Graceful server restart with Go

December 19, 2014 - 10 min read
Graceful server restart with Go

Go has been designed as a backend language and is mostly used as such. Servers are the most common type of software produced with it. The question I’m going to answer here is: how to cleanly upgrade a running server?

Goals:

  • Do not close any of the existing connections: for instance, we don’t want to cut down any running deployment. However we want to be able to upgrade our services whenever we want without any constraint.
  • The socket should always be available for the users: if the socket is unavailable at any moment some user may get a ‘connection refused’ message which is not acceptable.
  • The new version of the process should be started and should replace the old one.

Principle

In UNIX-based operating systems, the common way to interact with long running processes is the signals.

  • SIGTERM: Request a process to stop gracefully
  • SIGHUP: Process restart/reload (example: nginx, sshd, apache)

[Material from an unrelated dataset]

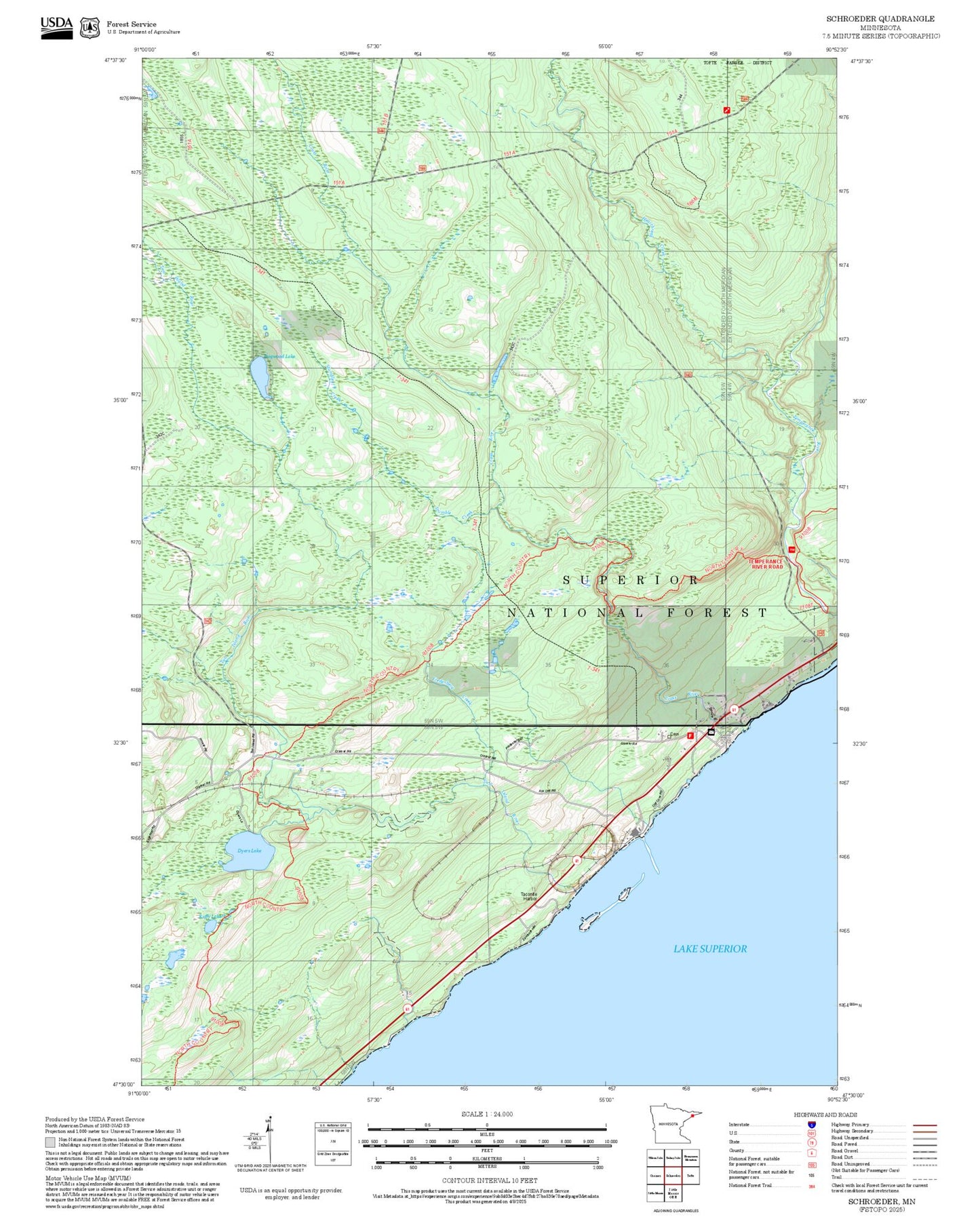2025 Forest Service Topo Map of Schroeder Minnesota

Once a SIGHUP signal is received, there are several steps to restart the process gracefully:

  1. The server stops accepting new connections, but the socket is kept opened.
  2. The new version of the process is started.
  3. The socket is ‘given’ to the new process which will start accepting new connections.
  4. Once the old process has finished serving its client, the process has to stop.

Stop accepting connections

Servers have this in common: they contain an infinite loop accepting connections:

for {
conn, err := listener.Accept()
// Handle connection
}

To break this loop the easiest way is to set a timeout on the listener, when listener. SetTimeout(time.Now()) is called, the listener.Accept() will instantly return a timeout error you can catch and handle.

for {
conn, err := listener.Accept()
if err != nil {
if nerr, ok := err.(net.Err); ok && nerr.Timeout() {
fmt.Println(“Stop accepting connections”)
return
}
}
}

It is important to get that there is a difference between this operation and closing the listener. In this case, the process still listen on a port for example, but connections are queued by the network stack of the operating system, waiting for a process to accept them.

Start the new version of the process

Go provides a ForkExec primitive to spawn a new process. (It doesn’t allow to only fork btw, cf Is it safe to fork() a Golang process?) You can share some pieces of information with this new process, like file descriptors or your environment.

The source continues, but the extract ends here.